The above picture is a lithograph of a dinner celebrating the life and celebrity of Washington Irving. While I have interesting in the first Knickerbocker, he’s not the purpose of this post. Instead, look at the style of the banquet hall – long tables, shaped like the interior Hogwart’s dining hall. The picture gives a good indication on how the upper class ate in social engagements.
But, as with all banquets, these are the exceptions to every day eating, not the rule. So what was the food culture of the era of 1825-1863? Let’s set aside Delmonico’s, the first name often brought up when talking about eating in that era. Delmonico’s should be noted, but again, they are the exception, not the rule. The idea of “restaurants” had yet to take off in Gotham.
The first thing we have to remember was that New York City, more than another other city on the planet at that time, was designed as a financial center. The first way this manifested itself was through shipping, which meant merchants, which meant people buying and selling cargo. This also meant that the city attracted business men. It has been reported that on any given day in New York City during this era, one should add an additional 60,000 people to its citizenry, all temporary residents who stayed an average of three days. This people had to be fed somehow, and the primary way was through the hotels and boarding houses where they stayed. Those who put up these boarders were expected, through etiquette and tradition, to feed those who stayed with them. Hotels were expensive, and often had their meals reflect that status. Boardinghouses were middling to cheap, and the food served at these places were famously poor.
Other places where people could eat included the chophouses I mentioned yesterday, with some of these evolving into eating houses that sat next to or near the various playhouses and theaters that were popping up throughout New York City, including a place called Windust’s that sat next to the Park Theater in 1824. The idea of catching a dinner and a show, has its roots way before the idea of “Broadway” could even be fathomed.

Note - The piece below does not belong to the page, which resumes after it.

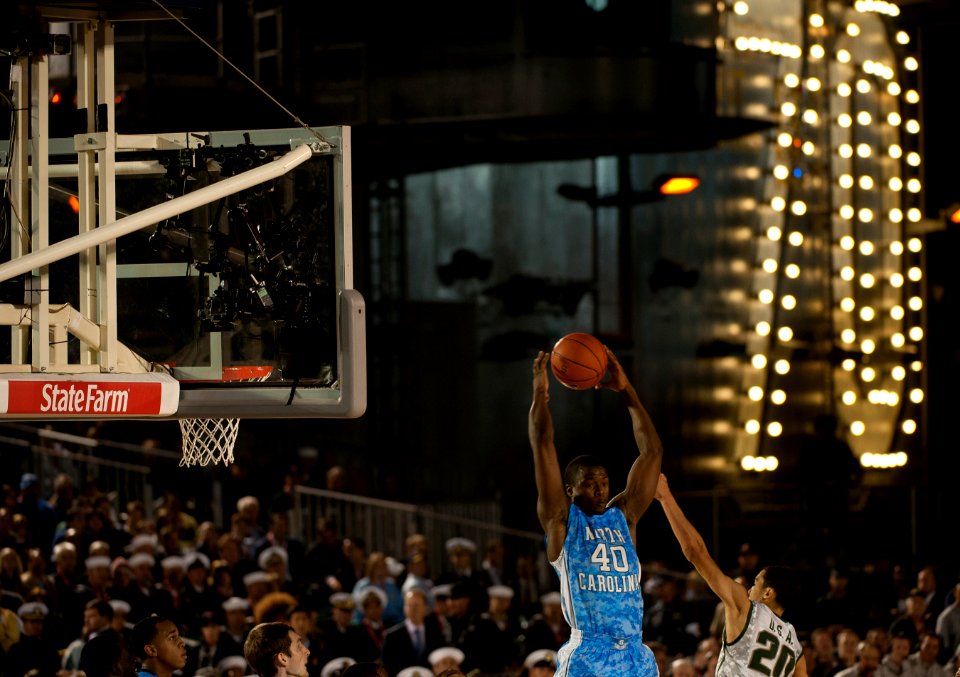 US Navy 111111-N-DR144-973 University of North Carolina's Harrison Barnes guards the ball during the Quicken Loans Carrier Classic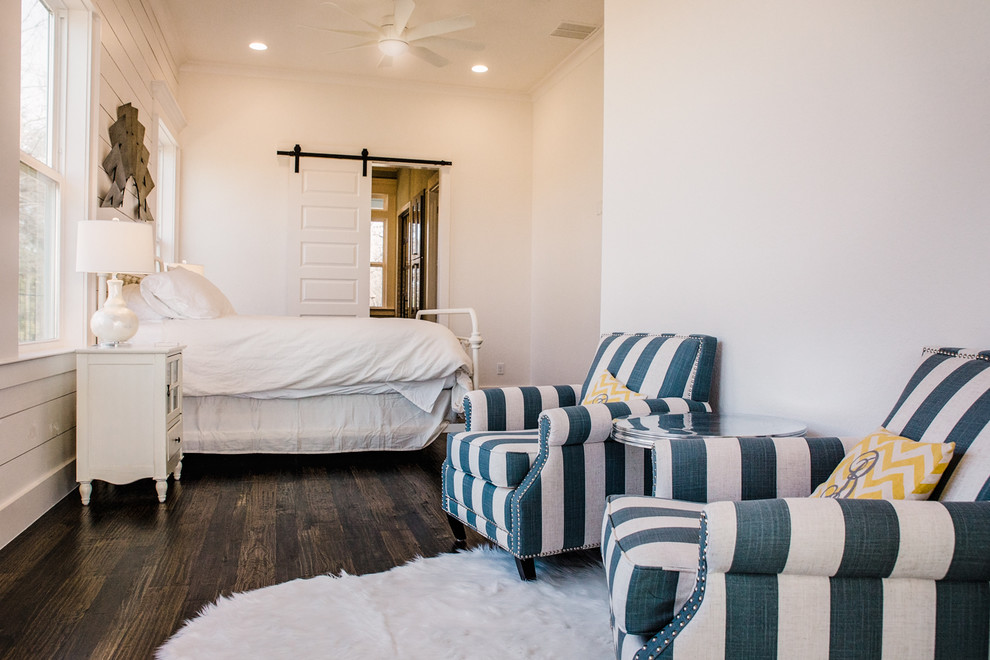 This is an example of a mid-sized beach style guest bedroom in Dallas with white walls, dark hardwood floors, no fireplace and brown floor.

Also around the theaters, and peppered throughout the city were the bakeries who provided the daily bread and pastry fix, to the confectioners, now far removed from their apothecarial past. Then there were the taverns, where drinking was the primary order of the day, and food was provided to keep people drinking. Coffee houses had similar a similar outlook, with the intent of keeping people on site as long as New Yorkers could bear.
And for those who had less money to spend, or no time to get home during the work day, food peddlers provided cheap food directl, calling out their wares which included everything from oysters and clams, to baked beans, strawberries and mint, hot yams, and corn on the cob peddled by the hot-corn girls.
All of this was in place by the time Delmonico’s arrived on the scene, and changed the landscape of the New York Dining scene. But, I’m getting just a bit ahead of myself.